[Task requirements] Nothing below is to be printed except the lines between the line holding "2013 Harley Sportster" and the line holding "Illustration of Liste", inclusive, each exactly as it appears.

[Extracted data]
+++

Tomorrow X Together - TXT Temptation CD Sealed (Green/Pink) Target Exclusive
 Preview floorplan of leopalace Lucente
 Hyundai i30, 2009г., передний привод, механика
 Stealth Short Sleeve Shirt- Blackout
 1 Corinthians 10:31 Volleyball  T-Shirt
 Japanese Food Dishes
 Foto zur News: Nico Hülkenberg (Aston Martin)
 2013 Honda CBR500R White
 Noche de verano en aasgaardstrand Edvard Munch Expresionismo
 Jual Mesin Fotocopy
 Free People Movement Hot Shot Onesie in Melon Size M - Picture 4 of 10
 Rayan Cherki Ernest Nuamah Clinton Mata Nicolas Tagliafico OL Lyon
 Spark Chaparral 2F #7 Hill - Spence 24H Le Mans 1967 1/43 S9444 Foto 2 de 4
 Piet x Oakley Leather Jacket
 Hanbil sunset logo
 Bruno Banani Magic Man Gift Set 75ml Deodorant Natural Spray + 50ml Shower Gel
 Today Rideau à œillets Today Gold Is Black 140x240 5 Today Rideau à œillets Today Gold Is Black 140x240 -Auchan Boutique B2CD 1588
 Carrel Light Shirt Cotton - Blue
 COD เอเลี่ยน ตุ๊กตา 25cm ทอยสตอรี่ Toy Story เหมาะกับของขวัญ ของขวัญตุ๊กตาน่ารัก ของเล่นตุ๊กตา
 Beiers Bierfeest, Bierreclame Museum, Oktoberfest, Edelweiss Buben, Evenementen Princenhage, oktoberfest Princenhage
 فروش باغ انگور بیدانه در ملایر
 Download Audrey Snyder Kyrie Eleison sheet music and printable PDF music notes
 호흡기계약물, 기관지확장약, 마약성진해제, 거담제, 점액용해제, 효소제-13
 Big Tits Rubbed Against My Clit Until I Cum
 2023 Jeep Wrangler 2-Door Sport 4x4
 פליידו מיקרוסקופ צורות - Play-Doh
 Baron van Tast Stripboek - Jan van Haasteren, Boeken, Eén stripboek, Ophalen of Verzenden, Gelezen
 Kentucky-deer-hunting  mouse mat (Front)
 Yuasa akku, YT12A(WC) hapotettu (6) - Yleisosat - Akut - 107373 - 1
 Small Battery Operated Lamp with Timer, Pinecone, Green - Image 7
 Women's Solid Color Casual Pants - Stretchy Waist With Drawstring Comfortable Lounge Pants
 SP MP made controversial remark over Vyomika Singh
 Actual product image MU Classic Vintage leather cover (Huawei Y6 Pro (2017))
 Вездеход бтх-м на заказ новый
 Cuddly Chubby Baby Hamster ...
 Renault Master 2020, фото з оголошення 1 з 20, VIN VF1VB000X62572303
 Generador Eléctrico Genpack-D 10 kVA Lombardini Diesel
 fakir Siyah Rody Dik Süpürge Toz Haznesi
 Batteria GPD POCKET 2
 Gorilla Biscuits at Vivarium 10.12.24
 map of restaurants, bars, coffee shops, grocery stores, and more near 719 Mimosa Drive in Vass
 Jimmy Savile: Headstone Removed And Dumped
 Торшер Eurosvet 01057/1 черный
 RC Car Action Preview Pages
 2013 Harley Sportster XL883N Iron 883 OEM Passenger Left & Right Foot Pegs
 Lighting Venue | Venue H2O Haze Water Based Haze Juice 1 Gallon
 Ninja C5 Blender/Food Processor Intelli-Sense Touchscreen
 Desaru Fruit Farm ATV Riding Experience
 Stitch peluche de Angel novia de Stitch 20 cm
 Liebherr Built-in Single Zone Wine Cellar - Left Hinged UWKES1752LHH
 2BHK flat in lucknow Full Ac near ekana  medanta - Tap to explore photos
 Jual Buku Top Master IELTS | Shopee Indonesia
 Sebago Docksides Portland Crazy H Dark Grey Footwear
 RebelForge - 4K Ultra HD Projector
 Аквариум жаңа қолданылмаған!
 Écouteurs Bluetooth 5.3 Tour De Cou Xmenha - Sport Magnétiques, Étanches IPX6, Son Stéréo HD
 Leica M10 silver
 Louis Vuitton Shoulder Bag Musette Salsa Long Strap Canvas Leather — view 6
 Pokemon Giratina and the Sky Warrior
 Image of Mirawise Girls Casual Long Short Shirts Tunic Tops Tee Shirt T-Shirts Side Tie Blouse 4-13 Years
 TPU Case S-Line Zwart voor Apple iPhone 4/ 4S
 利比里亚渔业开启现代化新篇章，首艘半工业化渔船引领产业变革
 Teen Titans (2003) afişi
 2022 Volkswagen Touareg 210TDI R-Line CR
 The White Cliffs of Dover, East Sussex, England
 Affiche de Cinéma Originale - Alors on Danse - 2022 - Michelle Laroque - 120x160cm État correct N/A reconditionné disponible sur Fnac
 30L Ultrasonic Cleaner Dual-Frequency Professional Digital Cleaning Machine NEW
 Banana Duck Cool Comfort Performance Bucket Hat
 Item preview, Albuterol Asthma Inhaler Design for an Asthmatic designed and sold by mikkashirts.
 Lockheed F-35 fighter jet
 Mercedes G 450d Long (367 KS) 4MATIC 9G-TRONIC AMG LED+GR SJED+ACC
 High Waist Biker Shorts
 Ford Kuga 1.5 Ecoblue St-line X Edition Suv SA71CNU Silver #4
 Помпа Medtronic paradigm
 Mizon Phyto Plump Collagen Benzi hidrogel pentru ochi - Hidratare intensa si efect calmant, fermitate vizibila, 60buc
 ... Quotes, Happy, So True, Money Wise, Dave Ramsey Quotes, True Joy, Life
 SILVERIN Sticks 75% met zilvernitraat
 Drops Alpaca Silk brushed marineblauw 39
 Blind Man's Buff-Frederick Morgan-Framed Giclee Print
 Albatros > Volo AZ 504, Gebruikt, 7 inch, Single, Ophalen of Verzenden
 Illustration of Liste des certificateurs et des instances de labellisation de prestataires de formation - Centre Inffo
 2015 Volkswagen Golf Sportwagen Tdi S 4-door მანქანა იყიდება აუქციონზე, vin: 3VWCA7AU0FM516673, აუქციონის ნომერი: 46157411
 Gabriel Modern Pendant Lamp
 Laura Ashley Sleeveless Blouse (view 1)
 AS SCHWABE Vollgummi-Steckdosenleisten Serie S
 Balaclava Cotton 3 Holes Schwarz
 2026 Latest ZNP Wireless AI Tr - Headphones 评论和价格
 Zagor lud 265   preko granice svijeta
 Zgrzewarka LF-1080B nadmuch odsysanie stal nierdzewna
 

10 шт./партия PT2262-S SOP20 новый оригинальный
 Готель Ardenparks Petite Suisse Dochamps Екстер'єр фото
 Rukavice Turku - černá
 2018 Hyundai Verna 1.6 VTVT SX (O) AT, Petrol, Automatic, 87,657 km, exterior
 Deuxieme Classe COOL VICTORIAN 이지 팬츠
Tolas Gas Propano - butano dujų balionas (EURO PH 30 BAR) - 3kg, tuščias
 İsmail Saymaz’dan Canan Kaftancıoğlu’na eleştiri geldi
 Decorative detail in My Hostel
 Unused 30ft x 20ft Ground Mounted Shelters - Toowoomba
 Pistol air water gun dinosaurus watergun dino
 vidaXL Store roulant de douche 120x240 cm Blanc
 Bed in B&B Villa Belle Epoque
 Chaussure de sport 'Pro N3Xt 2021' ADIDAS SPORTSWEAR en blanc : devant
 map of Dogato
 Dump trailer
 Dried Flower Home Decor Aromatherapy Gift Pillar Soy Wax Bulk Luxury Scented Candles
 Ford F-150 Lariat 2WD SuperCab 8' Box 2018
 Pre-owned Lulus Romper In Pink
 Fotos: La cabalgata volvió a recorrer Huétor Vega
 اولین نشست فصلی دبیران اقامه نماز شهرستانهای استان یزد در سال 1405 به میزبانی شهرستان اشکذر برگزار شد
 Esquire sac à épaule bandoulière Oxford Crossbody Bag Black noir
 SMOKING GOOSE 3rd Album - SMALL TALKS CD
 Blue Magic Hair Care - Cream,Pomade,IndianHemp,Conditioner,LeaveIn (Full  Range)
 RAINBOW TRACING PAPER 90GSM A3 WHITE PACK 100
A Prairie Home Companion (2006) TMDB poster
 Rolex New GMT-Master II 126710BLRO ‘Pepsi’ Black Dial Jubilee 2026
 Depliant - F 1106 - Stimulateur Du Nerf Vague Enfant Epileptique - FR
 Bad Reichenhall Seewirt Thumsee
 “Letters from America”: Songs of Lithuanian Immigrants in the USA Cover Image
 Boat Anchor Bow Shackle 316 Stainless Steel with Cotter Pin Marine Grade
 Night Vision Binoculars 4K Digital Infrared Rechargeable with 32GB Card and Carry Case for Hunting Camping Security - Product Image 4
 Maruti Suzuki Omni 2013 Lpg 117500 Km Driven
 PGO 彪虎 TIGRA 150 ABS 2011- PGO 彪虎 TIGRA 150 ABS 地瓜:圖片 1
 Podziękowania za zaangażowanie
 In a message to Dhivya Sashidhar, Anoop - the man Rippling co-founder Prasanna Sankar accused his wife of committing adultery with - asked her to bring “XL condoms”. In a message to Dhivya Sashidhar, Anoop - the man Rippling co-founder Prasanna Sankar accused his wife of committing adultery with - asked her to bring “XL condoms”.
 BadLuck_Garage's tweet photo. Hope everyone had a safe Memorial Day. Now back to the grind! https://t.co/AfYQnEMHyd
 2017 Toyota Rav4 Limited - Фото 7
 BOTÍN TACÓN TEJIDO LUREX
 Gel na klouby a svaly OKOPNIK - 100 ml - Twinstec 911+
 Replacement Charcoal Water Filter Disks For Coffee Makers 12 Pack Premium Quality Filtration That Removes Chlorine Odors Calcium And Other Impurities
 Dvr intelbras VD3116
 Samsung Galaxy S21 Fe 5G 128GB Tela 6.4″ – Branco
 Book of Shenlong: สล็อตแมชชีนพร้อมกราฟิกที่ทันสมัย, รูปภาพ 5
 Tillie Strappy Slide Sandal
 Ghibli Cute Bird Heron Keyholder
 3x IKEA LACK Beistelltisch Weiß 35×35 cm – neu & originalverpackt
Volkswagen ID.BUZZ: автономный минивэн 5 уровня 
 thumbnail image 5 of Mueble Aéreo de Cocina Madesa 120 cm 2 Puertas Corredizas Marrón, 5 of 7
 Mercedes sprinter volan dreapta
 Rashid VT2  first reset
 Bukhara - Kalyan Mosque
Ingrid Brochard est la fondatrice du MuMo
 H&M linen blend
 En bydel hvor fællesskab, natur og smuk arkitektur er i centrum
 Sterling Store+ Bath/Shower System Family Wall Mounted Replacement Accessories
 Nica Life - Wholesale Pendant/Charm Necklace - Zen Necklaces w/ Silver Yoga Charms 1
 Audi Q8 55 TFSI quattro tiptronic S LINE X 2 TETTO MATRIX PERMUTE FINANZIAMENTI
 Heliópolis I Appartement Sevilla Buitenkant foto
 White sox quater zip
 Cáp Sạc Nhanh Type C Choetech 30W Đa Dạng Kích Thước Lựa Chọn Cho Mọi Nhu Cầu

+++

[Answer to this task]
 2013 Harley Sportster XL883N Iron 883 OEM Passenger Left & Right Foot Pegs
 Lighting Venue | Venue H2O Haze Water Based Haze Juice 1 Gallon
 Ninja C5 Blender/Food Processor Intelli-Sense Touchscreen
 Desaru Fruit Farm ATV Riding Experience
 Stitch peluche de Angel novia de Stitch 20 cm
 Liebherr Built-in Single Zone Wine Cellar - Left Hinged UWKES1752LHH
 2BHK flat in lucknow Full Ac near ekana  medanta - Tap to explore photos
 Jual Buku Top Master IELTS | Shopee Indonesia
 Sebago Docksides Portland Crazy H Dark Grey Footwear
 RebelForge - 4K Ultra HD Projector
 Аквариум жаңа қолданылмаған!
 Écouteurs Bluetooth 5.3 Tour De Cou Xmenha - Sport Magnétiques, Étanches IPX6, Son Stéréo HD
 Leica M10 silver
 Louis Vuitton Shoulder Bag Musette Salsa Long Strap Canvas Leather — view 6
 Pokemon Giratina and the Sky Warrior
 Image of Mirawise Girls Casual Long Short Shirts Tunic Tops Tee Shirt T-Shirts Side Tie Blouse 4-13 Years
 TPU Case S-Line Zwart voor Apple iPhone 4/ 4S
 利比里亚渔业开启现代化新篇章，首艘半工业化渔船引领产业变革
 Teen Titans (2003) afişi
 2022 Volkswagen Touareg 210TDI R-Line CR
 The White Cliffs of Dover, East Sussex, England
 Affiche de Cinéma Originale - Alors on Danse - 2022 - Michelle Laroque - 120x160cm État correct N/A reconditionné disponible sur Fnac
 30L Ultrasonic Cleaner Dual-Frequency Professional Digital Cleaning Machine NEW
 Banana Duck Cool Comfort Performance Bucket Hat
 Item preview, Albuterol Asthma Inhaler Design for an Asthmatic designed and sold by mikkashirts.
 Lockheed F-35 fighter jet
 Mercedes G 450d Long (367 KS) 4MATIC 9G-TRONIC AMG LED+GR SJED+ACC
 High Waist Biker Shorts
 Ford Kuga 1.5 Ecoblue St-line X Edition Suv SA71CNU Silver #4
 Помпа Medtronic paradigm
 Mizon Phyto Plump Collagen Benzi hidrogel pentru ochi - Hidratare intensa si efect calmant, fermitate vizibila, 60buc
 ... Quotes, Happy, So True, Money Wise, Dave Ramsey Quotes, True Joy, Life
 SILVERIN Sticks 75% met zilvernitraat
 Drops Alpaca Silk brushed marineblauw 39
 Blind Man's Buff-Frederick Morgan-Framed Giclee Print
 Albatros > Volo AZ 504, Gebruikt, 7 inch, Single, Ophalen of Verzenden
 Illustration of Liste des certificateurs et des instances de labellisation de prestataires de formation - Centre Inffo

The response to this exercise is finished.